At the outset, we entertain serious doubt as to whether Mrs. Gonzalez voluntarily allowed the police to enter her house. She was confronted at 9 o'clock at night with five police officers clad in police raid jackets, three of whom were on her front doorstep and two who were trespassing on both sides of her house in the yard for supposed security purposes--a truly frightening display of authority. One of the officers identified himself, said the police were conducting a narcotics investigation, and indicated he "would like to speak with her." (R.348). Under these circumstances, we think a reasonable person might well have interpreted this statement as an order, not a request, to let the police enter her house so they could speak to her; if this be the case, her subsequent "invitation" to enter the house was an acquiescence to authority, not a voluntary consent. See, e.g., Johnson v. United States, 333 U.S. 10, 13, 68 S.Ct. 367, 368, 92 L.Ed. 436, 440 (1948); Talavera v. State, 186 So.2d 811 (Fla. 2d DCA 1966).

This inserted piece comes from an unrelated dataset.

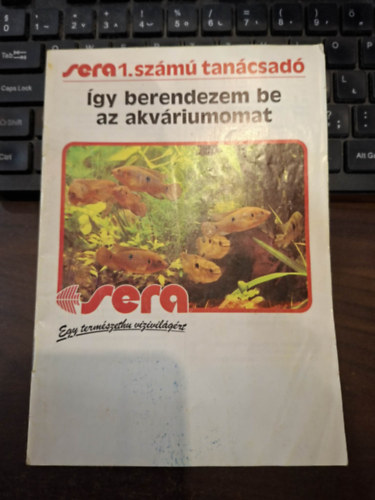 Sera 1. sz�m� tan�csad�: �gy rendeztem be az akv�riumomat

We need not resolve this question, however, because immediately upon entering the threshold, the police officers spread around the house as if they were on a drug raid and conducted a brief, but totally nonconsensual, room-to-room search of the premises to see if anyone else was there. At best, Mrs. Gonzalez had voluntarily "invited" the police in her home solely for the purpose of speaking to the police about a narcotics investigation; she had not consented to a search of her home. This so-called "protective sweep" of the premises was therefore an unreasonable warrantless search of her house under the Fourth Amendment. Beyond that, this search cannot be upheld as a reasonable "protective sweep" of the premises incident to effecting an arrest with a warrant under Maryland v. Buie, 494 U.S. 325, 110 S.Ct. 1093, 108 L.Ed.2d 276 (1990), because the police had no warrant for the arrest of anyone, were not on the premises to make an arrest, and had no probable cause to effect an arrest of any kind.

This being so, the aforesaid illegal search of the house tainted and rendered involuntary the subsequent verbal and written consent given by Mrs. Gonzalez to search the premises, including the floor safe. The police had already demonstrated to Mrs. Gonzalez, when they initially "swept" through her house, that they had an absolute right to search the premises and that her "consent" to any further search was a mere formality which she could not refuse. Taylor v. State, 355 So.2d 180, 184 (Fla. 3d DCA), cert. denied, 361 So.2d 835 (Fla.1978). Moreover, the defendant was subsequently arrested based on the illegal nonconsensual seizure

                of the cocaine from the attic--and, consequently, his subsequent consent to the search of the safe was tainted and rendered involuntary.  Brown v. Illinois, 422 U.S. 590, 95 S.Ct. 2254, 45 L.Ed.2d 416 (1975).  Indeed, the law is well settled that where, as here, a "consent [to search] is obtained after illegal police activity such as an illegal search or arrest, the unlawful police action presumptively taints and renders involuntary any consent to search."  Norman v.